In the Portevin–Le Chatelier (PLC) effect sample plastic deformation takes place via localized bands. We present a model to account for band dynamics and the variability the bands exhibit. The approach is tuned to account for strain hardening and the strain-rate dependence for the case of so-called type A (propagating) bands. The main experimental features of the fluctuations are a reduction with strain and increase with the strain rate which is reproduced by a model of plastic deformation with Dynamic Strain Aging, including disorder as a key parameter. Extensions are discussed as are the short-comings in reproducing detailed avalanche statistics.
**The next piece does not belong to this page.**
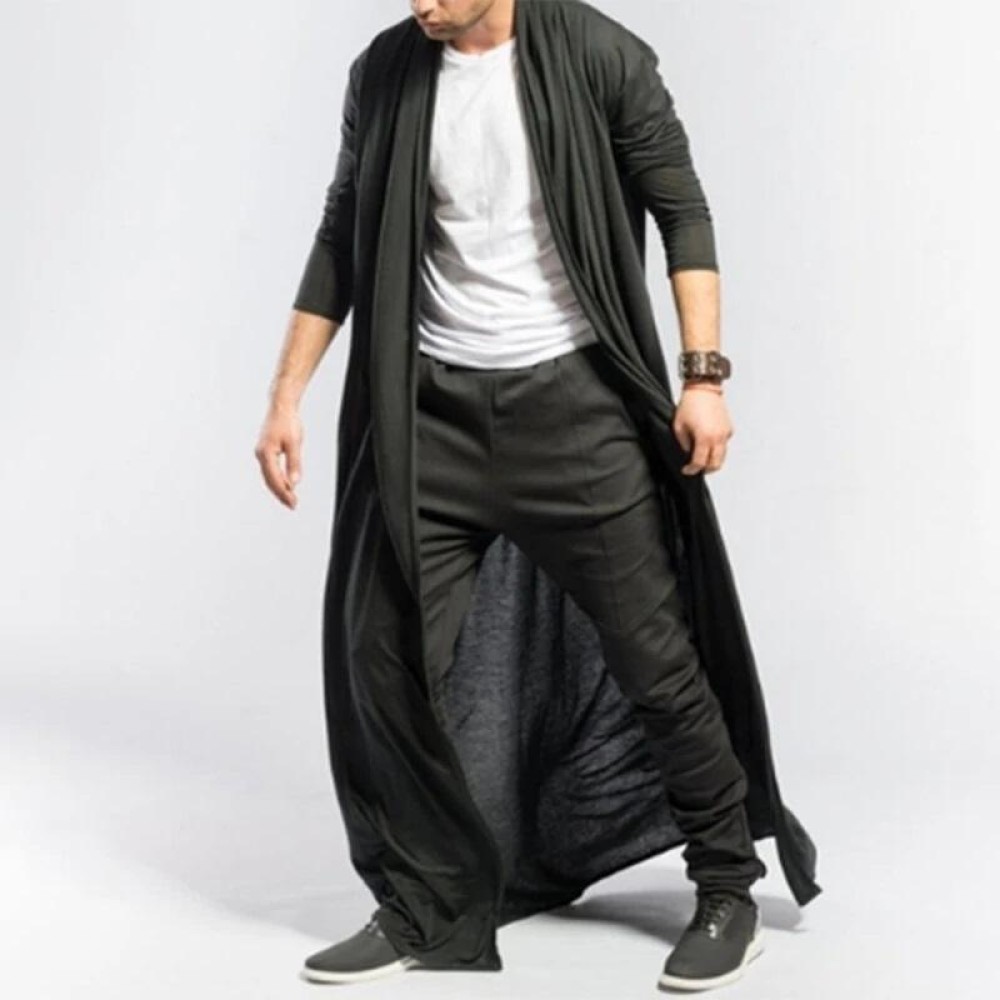 Mens Casual Loose Long Cardigans Coat (Color:Black Size:S)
Complexity in materials deformation is both important for engineering and of interest for the basic physics implied. Metals when loaded beyond the elastic regime yield and the plastic deformation prior to failure is now known to exhibit very complex properties on various scales in time and space (Zaiser 2006; Papanikolaou et al. 2018; Alava et al. 2014). The localization phenomena in the deformation of a specimen in plasticity are an example, and shear bands appear in various scenarios of which we here study the Portevin–Le Chatelier (Le Chatelier 1909; Portevin and Le Chatelier 1923) (PLC) effect.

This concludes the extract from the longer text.